***** Exercise data
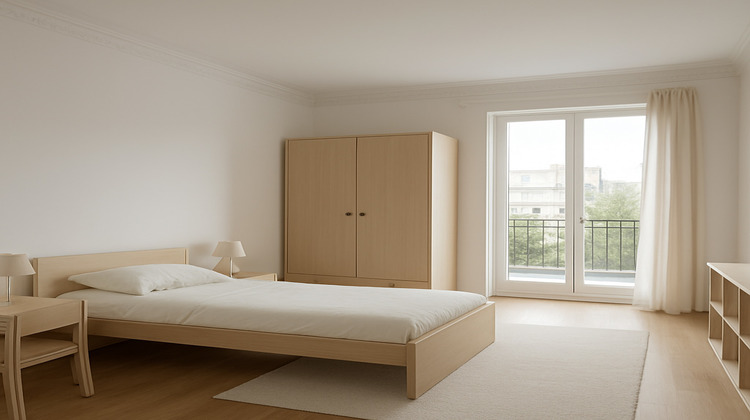 Ma-Cabane - Vente Appartement BOURG-EN-BRESSE, 81 m²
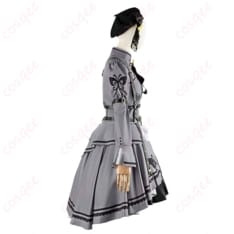 ミリオンライブ 夢にかけるRainbow 5周年MV衣装 コスプレ｜華やかで写真映え、ステージで輝くセット - 3枚目の画像（サムネイル）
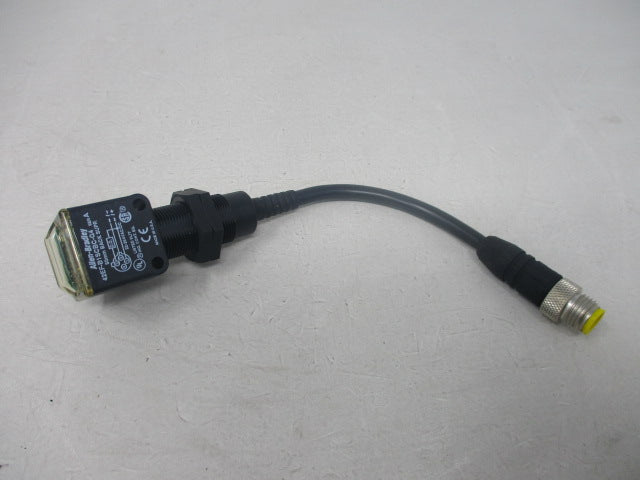 Allen Bradley via TCS 42EFB1SCBCG4 Ser. A NSNP 42EF B1SCBC G4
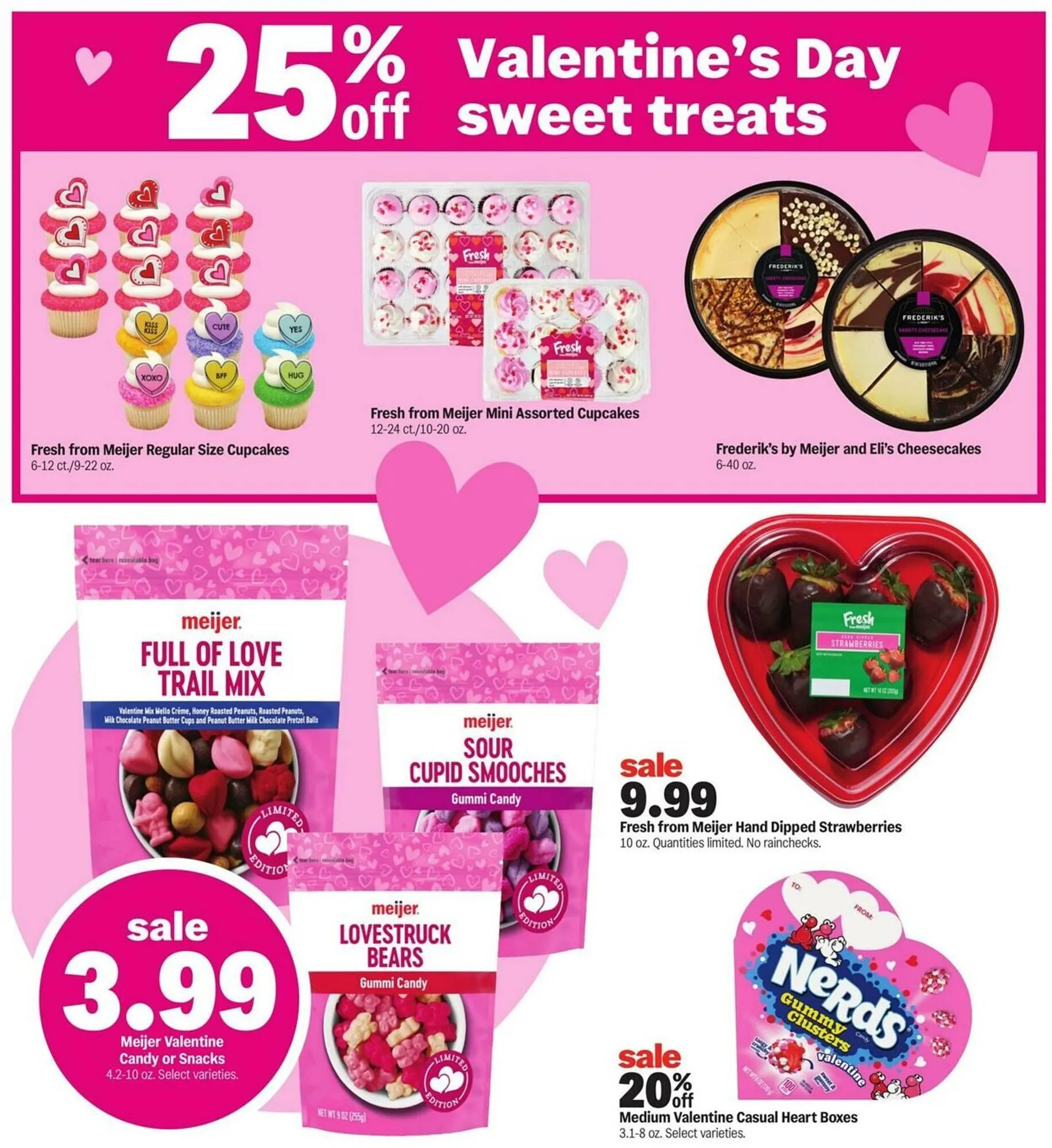 Weekly ad Meijer weekly ad from February 11 to February 17 2026 - Page 5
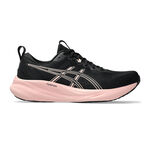 ASICS Running shoes ASICS Gel-Pulse 16 Neutral running shoe Women - black, rose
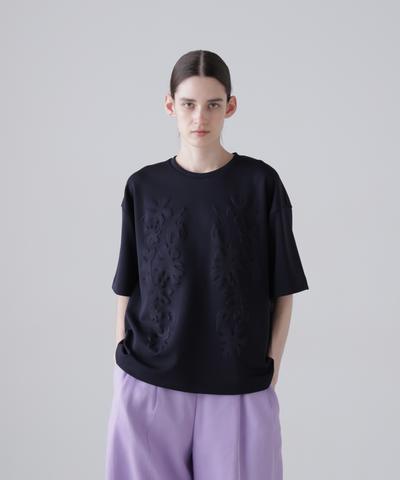 エンボスジャージー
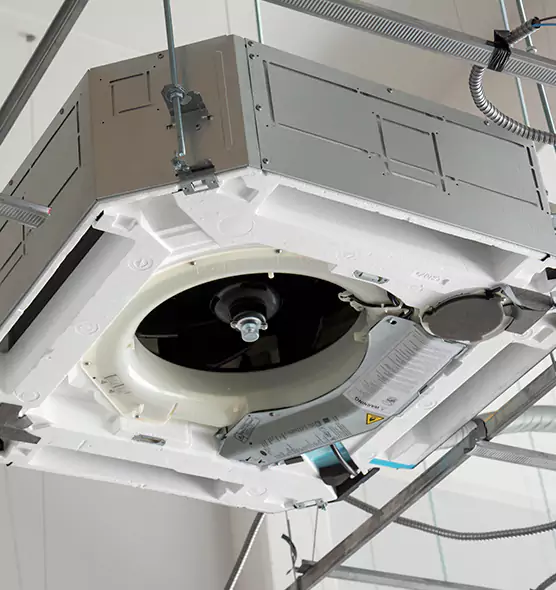 Professional Industrial Dryer Vent Cleaning in Bensenville, IL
**********
● What this task involves: Everything from the line holding "ASICS Running shoes" to the close of the records should be written out exactly, both ends included, with pictures omitted.

● Task output:
 ASICS Running shoes ASICS Gel-Pulse 16 Neutral running shoe Women - black, rose
 エンボスジャージー
 Professional Industrial Dryer Vent Cleaning in Bensenville, IL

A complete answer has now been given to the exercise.